Review: “49ers” by 49ers (Vinyl, 1990)

Today’s Pop Rescue from a fate uncertain, is the 1990 eponymous debut album 49ers by Italian house act, 49ers. Will this album have a Touch of class, or should it sit outside the top 40? Read on…

49ers - 49ers (1990) album cover
49ers – 49ers (1990) album

This 8 track LP opens with the bass drums of the album’s third single Touch Me. This track is straight in with the vocal samples (there’s plenty of ‘Yeah’ on offer here) as the vocals kick in. There’s inspiration here from Aretha Franklin, but the song remains pretty simple in format. This track is catchy, and would have been reminiscent of other Italia House artists in the charts at roughly the same time (eg Black Box), and this inevitably helped them to gain a huge resounding success around the world with this track. It reached #3 in the UK chart.

I Need You follows this, and there’s a wonderful fat bass line at play here. The vocals are far softer here, with Dawn Mitchell on the microphone, but these build up rapidly as the verse collides with the chorus. Whilst not quite the pace and energy of Touch Me, this track feels like it’s more of a fully formed song. It stood as the 7th single from the album, but didn’t touch the UK charts.
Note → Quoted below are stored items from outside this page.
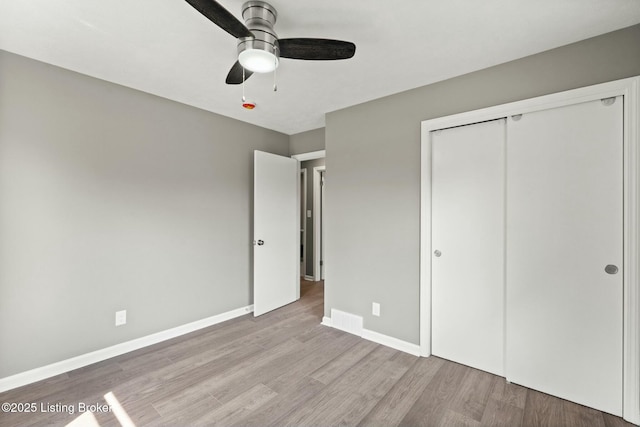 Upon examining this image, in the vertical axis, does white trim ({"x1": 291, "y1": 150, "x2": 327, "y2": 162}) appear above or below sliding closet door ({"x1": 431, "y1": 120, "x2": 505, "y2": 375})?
above

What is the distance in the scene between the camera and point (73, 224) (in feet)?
7.60

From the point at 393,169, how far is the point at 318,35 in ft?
4.52

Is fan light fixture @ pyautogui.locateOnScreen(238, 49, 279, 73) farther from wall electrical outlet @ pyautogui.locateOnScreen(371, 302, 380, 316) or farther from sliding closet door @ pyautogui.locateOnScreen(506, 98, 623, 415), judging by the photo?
wall electrical outlet @ pyautogui.locateOnScreen(371, 302, 380, 316)

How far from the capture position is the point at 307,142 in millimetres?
3986

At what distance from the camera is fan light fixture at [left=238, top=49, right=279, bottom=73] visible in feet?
5.05

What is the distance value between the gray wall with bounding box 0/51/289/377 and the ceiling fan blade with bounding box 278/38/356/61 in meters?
1.87

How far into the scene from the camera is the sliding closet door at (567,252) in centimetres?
180

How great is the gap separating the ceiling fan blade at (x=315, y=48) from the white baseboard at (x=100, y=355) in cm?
280

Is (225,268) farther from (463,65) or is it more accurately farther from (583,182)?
(583,182)

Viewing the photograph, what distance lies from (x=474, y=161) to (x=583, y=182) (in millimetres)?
691

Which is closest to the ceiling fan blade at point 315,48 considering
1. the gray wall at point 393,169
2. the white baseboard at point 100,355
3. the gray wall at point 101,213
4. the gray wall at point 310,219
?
the gray wall at point 393,169

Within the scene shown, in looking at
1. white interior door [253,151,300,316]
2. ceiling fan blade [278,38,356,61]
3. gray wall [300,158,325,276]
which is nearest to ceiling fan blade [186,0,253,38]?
ceiling fan blade [278,38,356,61]

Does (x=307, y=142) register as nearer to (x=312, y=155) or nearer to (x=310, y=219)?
(x=312, y=155)

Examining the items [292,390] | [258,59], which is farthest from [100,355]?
[258,59] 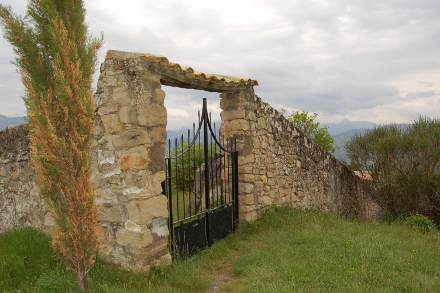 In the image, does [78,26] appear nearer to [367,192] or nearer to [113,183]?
[113,183]

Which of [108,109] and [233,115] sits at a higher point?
[233,115]

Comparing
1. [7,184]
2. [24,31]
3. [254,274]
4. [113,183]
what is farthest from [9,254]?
[254,274]

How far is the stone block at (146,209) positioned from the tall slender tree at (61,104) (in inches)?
27.6

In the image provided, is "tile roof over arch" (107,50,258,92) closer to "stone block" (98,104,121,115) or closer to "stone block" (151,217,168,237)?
"stone block" (98,104,121,115)

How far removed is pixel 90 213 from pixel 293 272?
8.36 feet

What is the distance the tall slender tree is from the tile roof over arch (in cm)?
98

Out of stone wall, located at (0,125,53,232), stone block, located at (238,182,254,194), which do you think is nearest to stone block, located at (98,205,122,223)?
stone wall, located at (0,125,53,232)

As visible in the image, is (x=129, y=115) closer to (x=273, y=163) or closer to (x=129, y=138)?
(x=129, y=138)

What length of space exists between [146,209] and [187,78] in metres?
2.04

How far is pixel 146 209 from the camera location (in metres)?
4.24

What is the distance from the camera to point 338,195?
10375 millimetres

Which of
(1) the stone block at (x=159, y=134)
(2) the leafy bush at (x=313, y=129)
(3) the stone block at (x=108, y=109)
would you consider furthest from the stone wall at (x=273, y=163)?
(2) the leafy bush at (x=313, y=129)

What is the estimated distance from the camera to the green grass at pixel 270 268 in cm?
387

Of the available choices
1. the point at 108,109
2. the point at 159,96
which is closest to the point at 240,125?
the point at 159,96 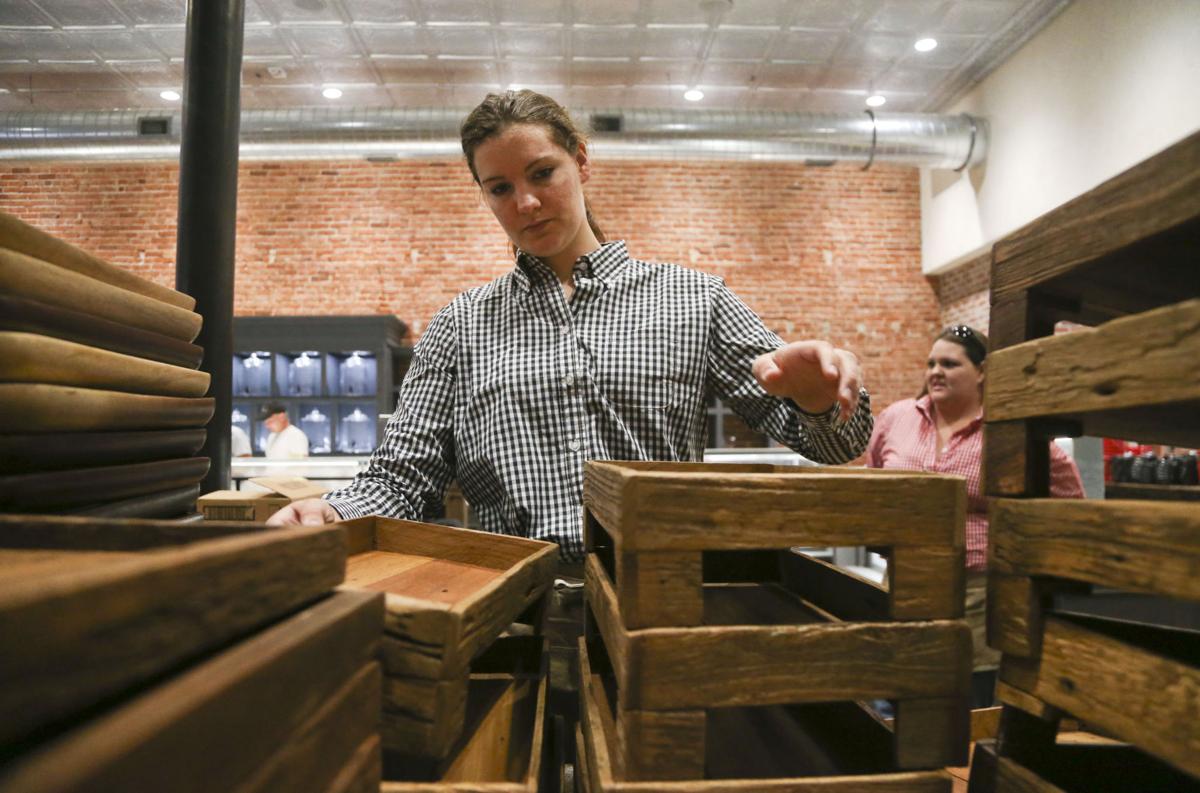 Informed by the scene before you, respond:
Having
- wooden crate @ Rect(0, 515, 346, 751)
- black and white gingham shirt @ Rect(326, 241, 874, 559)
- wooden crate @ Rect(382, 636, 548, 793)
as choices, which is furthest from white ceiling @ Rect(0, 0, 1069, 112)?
wooden crate @ Rect(0, 515, 346, 751)

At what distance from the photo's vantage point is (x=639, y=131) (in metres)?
5.92

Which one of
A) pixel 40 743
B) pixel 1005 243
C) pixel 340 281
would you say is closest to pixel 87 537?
pixel 40 743

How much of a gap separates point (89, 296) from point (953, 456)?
2.96 meters

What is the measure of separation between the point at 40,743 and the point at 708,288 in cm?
131

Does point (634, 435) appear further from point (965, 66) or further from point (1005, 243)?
point (965, 66)

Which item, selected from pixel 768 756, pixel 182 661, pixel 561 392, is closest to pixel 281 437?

Next up is a cover of Gloria Gaynor‘s huge hit single I Will Survive. This version stayed here on the album though, being the only song on this album to not be released as a single. This was a good move, because it sounds cheap and empty. It’s not even as good as a Sunfly karaoke backing track. The start is promising, sounding very much like the dramatic piano opening line, but then swiftly throws in a new beat and weak vocals. Better that they hadn’t bothered.

Die Walkure (translating as ‘The Valkyrie’) is next, and this was the acts lead single. It has an avalanche of samples, including a TV show-esque opening line, and the piano and strings repeated sequence sounds very reminiscent of Black Box. There’s even a hint of Papa’s Got A Brand New Pig-bag courtesy of some brass. It does sound like a meandering megamix, but it is an upbeat ending to side one.

Side Two opens with Don’t You Love Me, which was the album’s fourth single. The thudding bass drum and house piano earns it a nice catchy start, and a ton of samples once again remind you that this is right on the nose of the 90’s. The chorus is the strongest part, and it’s a nice start to the second half. The track reached #12 in the UK singles track.

How Longer is up next, and this one is quite a nice song. It reminds me a lot of earlier track Touch Me, as well as Loleatta Holloway’s Love Sensation and Black Box’s Ride On Time, but this is fine. Dawn really gets to show off her vocal power and energy here, and it results in a pretty strong track. It was the 5th single, but was only released in Italy, where it failed to chart.

Next up is Shadows (Remix) which begins with some party cries and pea whistles before unleashing an army of pianos. This is definitely Italia House zone, and the track is loaded with so many samples that it doesn’t really hang together very well now.

The album closes with Girl To Girl. The gentle percussive start that reminds me a bit of Edwin Starr’s hit Contact. It lures you in to what is essentially quite a nice song. There are nods throughout this to the disco era, and this is set alongside some really nice warm vocals. Again, it feels like a more fully formed song, and that makes it a nice way to end this album. The track found moderate success in the UK when it was released as a single, reaching #31.

Verdict

Over all, this album is a mixed bag. It was leading into a new decade and it had to deal with pop music and house music. It handles it messily at times, but inevitably doesn’t sound to my ears more than 30 years later, as fresh and exciting as it would have back in 1990.

The high points are very much the album’s opener Touch Me, with How Longer, Don’t You Love Me, and Girl To Girl putting in a strong performance too. Sadly, there’s a few disorientating tracks here too, but the pinnacle of sin goes to I Will Survive, which really is an awkward and embarrassing version of a song that didn’t need, and shouldn’t be, released by anyone but Gloria Gaynor.

Give it a listen for some great early 90’s music sounds, but be ready to skip a few tracks.

Rated 2 stars - A tough listen!
  • POP RESCUE 2021 RATING: 2 / 5
  • 1990 UK ALBUM CHART PEAK: #51
  • POP RESCUE COST: £1.50 from a Discogs.com seller.